"Man kann Menschen mit einer feuchten Wohnung genauso töten wie mit einer Axt", warnt die Armutskonferenz davor, die Situation von Mindestsicherungsbeziehern weiter zu verschlechtern.
Dauerhaft arme Menschen sterben zehn Jahre früher als der Rest der Bevölkerung. Das hat eine von der Statistik Austria durchgeführte Sonderauswertung der EU-Sozialstudie "Silc" ergeben. Noch größer ist der Unterschied bei Obdachlosen. Die Armutskonferenz, ein Netzwerk sozialer Hilfsorganisationen, warnt daher davor, die Situation von Mindestsicherungsbeziehern weiter zu verschlechtern. Erst in der Vorwoche hatte sich aufgrund der geplanten Sozialgeldreform ein Streit zwischen Bund und Wiener Stadtregierung entsponnen.
Laut Statistik Austria sind 1.563.000 Menschen oder 18,1 Prozent der Bevölkerung in Österreich von Armut oder sozialer Ausgrenzung gefährdet. Damit liegt Österreich deutlich unter dem für 2016 berechneten EU-Durchschnitt von 23,5 Prozent.
Gegenüber dem Vorjahr ergibt das nur eine geringe Veränderung, so galten 2016 exakt 1.542.000 Personen als armuts- oder ausgrenzungsgefährdet. Insgesamt ist die Zahl der Betroffenen seit 2008 um 136.000 Personen gesunken.
Die Betroffenen haben per Definition ein niedriges Einkommen (unter 1238 Euro bei Einzelpersonen) oder Schwierigkeiten bei der Erfüllung notwendiger Grundbedürfnisse. Und das bringt auch eine sinkende Lebenserwartung mit sich, wie die Statistik Austria für das Sozialministerium errechnet hat.
Armutsgefährdete Männer sterben vier Jahre früher
Der Sonderauswertung zufolge sterben armutsgefährdete Männer um vier Jahre früher, bei Frauen sinkt die Lebenserwartung um eineinhalb Jahre.
Wer nicht nur armutsgefährdet ist, sondern in manifester Armut lebt - also etwa Probleme hat, die Wohnung warm zu halten und sich keine unerwarteten Reparaturen leisten kann - stirbt um vier Jahre (Frauen) bis elf Jahre (Männer) früher.
Die Armutskonferenz verweist nun darauf, dass es sich bei Mindestsicherungsbeziehern durchwegs um manifest arme Menschen handelt. Dauert diese Armut mehrere Jahre an, sinkt die Lebenserwartung noch weiter: um zwölf Jahre bei Männern und um neun Jahre bei Frauen. Hier spricht man von "dauerhaft manifester Armut".

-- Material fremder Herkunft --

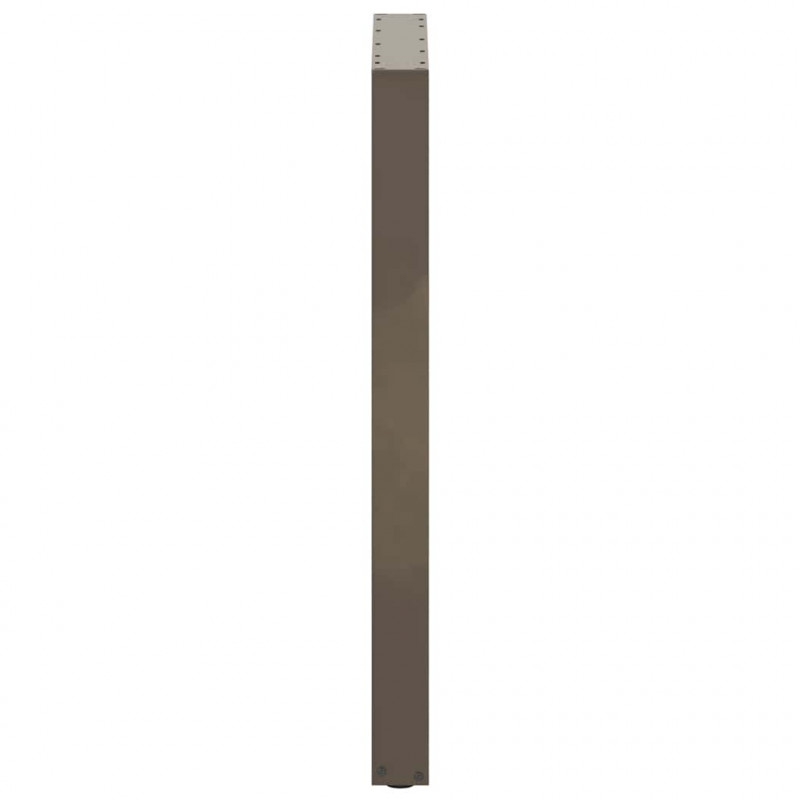 Nogi do stołu barowego w kształcie litery U 2 szt. Naturalna stal 60x(100-101) cm Stal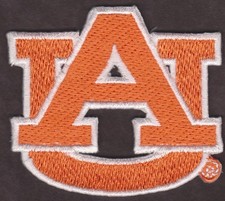 Auburn Tigers Orange & White 2 3/8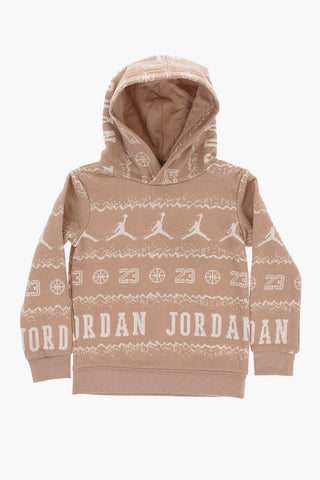 AIR JORDAN 후드와 조거 세트 HOLIDAY 올오버 로고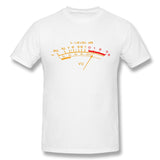 Men's Casual T-shirt Vu Meter Cool Crew Neck Short Sleeves Blouse Tops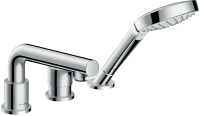 Змішувач на борт ванни на 3 отвори Hansgrohe Talis S 72417000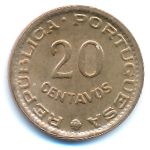 Guinea-Bissau, 20 centavos, 1973
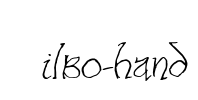 Bilbo-hand Font Image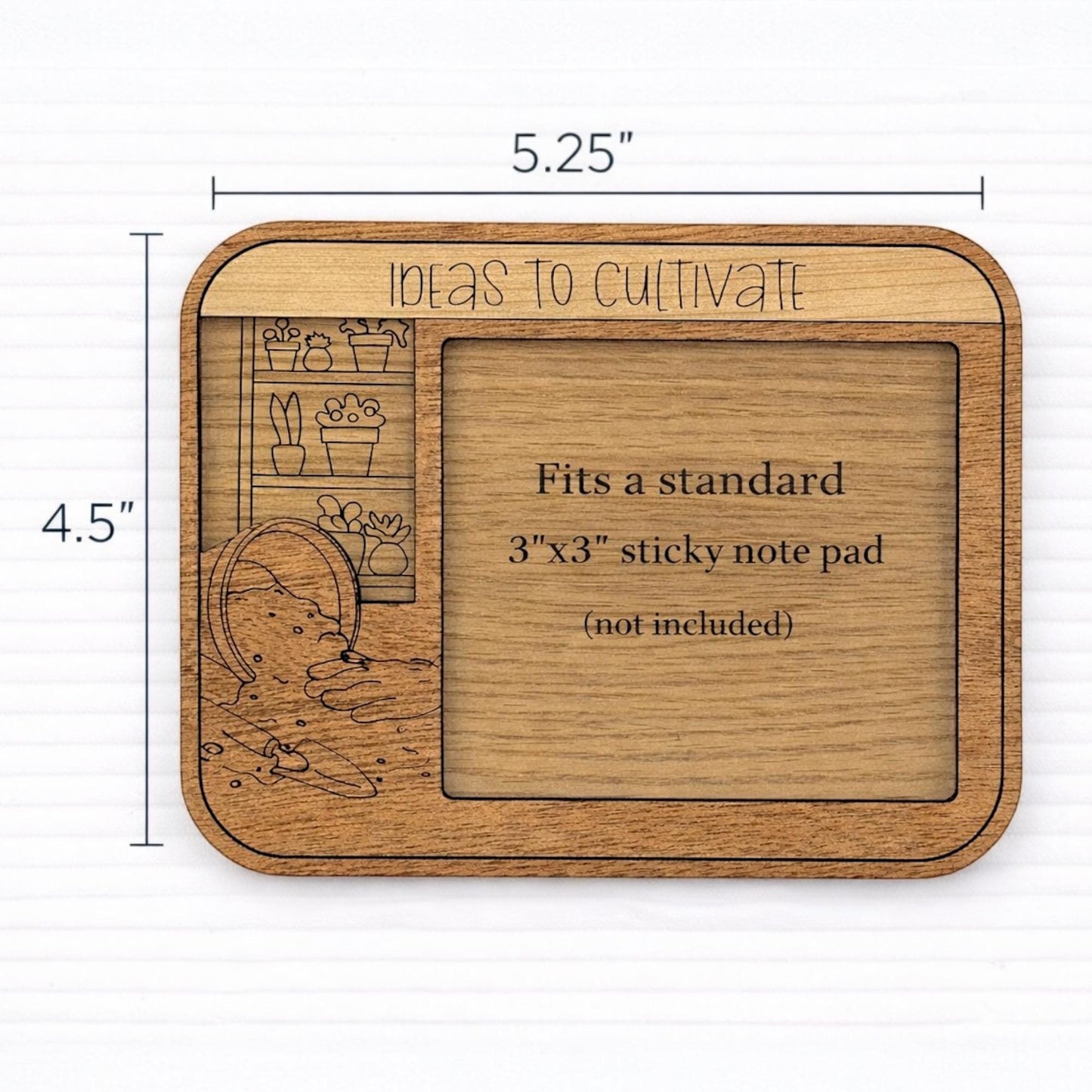 Gardening Themed Sticky Note Pad Holder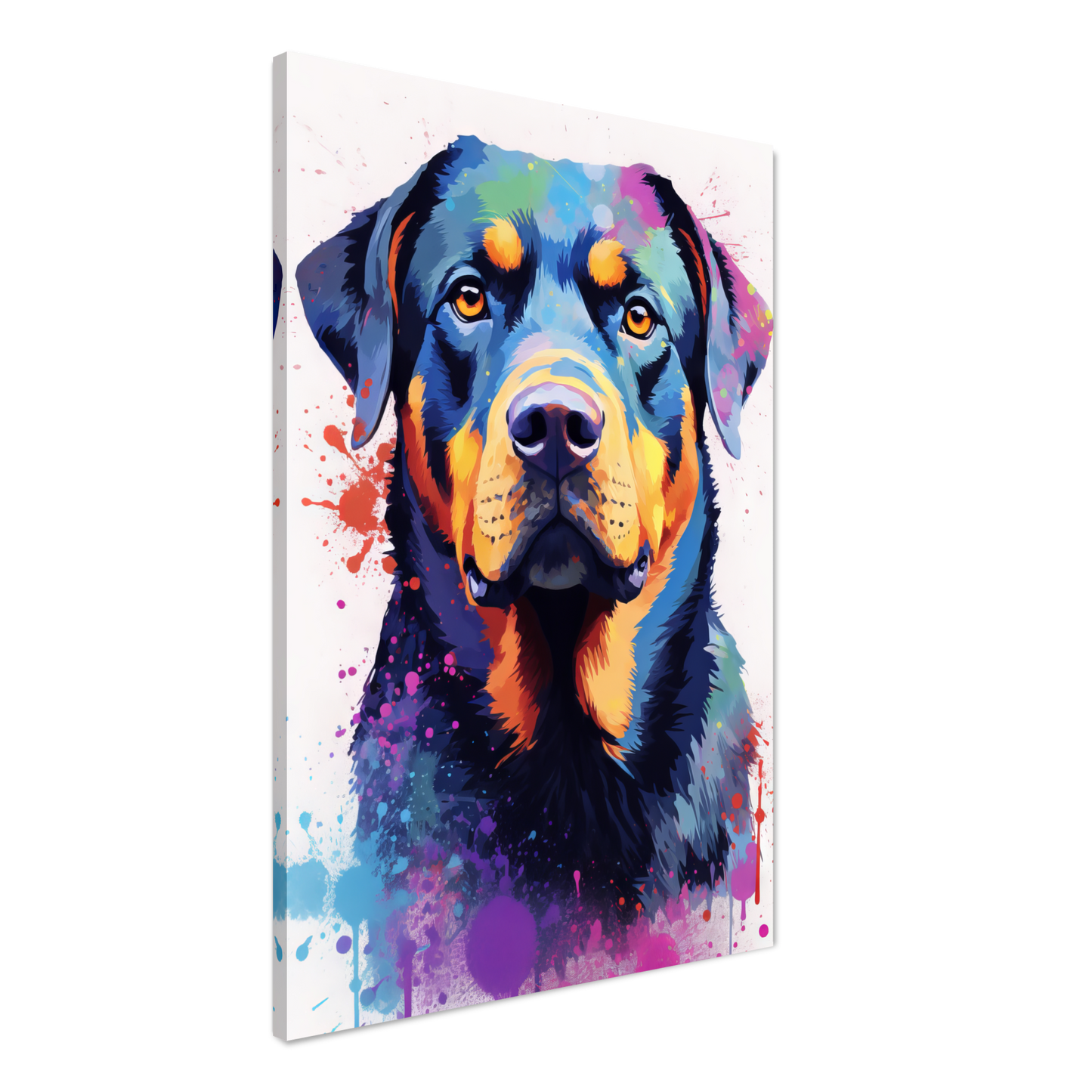 Hund Rottweiler Pop-Art (DOG121)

Obdachlose sterben um 20 Jahre früher
"Diese enorme Einschränkung der Lebenserwartung betrifft in Österreich fast 270.000 Menschen, das entspricht in etwa der Bevölkerung von Graz, der zweitgrößten Stadt Österreichs", sagt Martin Schenk von der Armutskonferenz. Hier gehe der Stress durch finanziellen Druck Hand in Hand mit geschwächtem Krisenmanagement und einem ungesunden Lebensstil: "Man kann einen Menschen mit einer feuchten Wohnung genauso töten wie mit einer Axt."
Die Armutskonferenz warnt daher davor, die Situation von Mindestsicherungsbeziehern weiter zu verschlechtern. Stattdessen brauche es effektive Maßnahmen für leistbares Wohnen, Hilfe für ältere Arbeitslose und bei prekären Jobs und chronischen Erkrankungen.
Noch einmal deutlich geringer ist die Lebenserwartung bei Obdachlosen. Sie sterben laut Statistik Austria um 20 Jahre früher als die restliche Bevölkerung.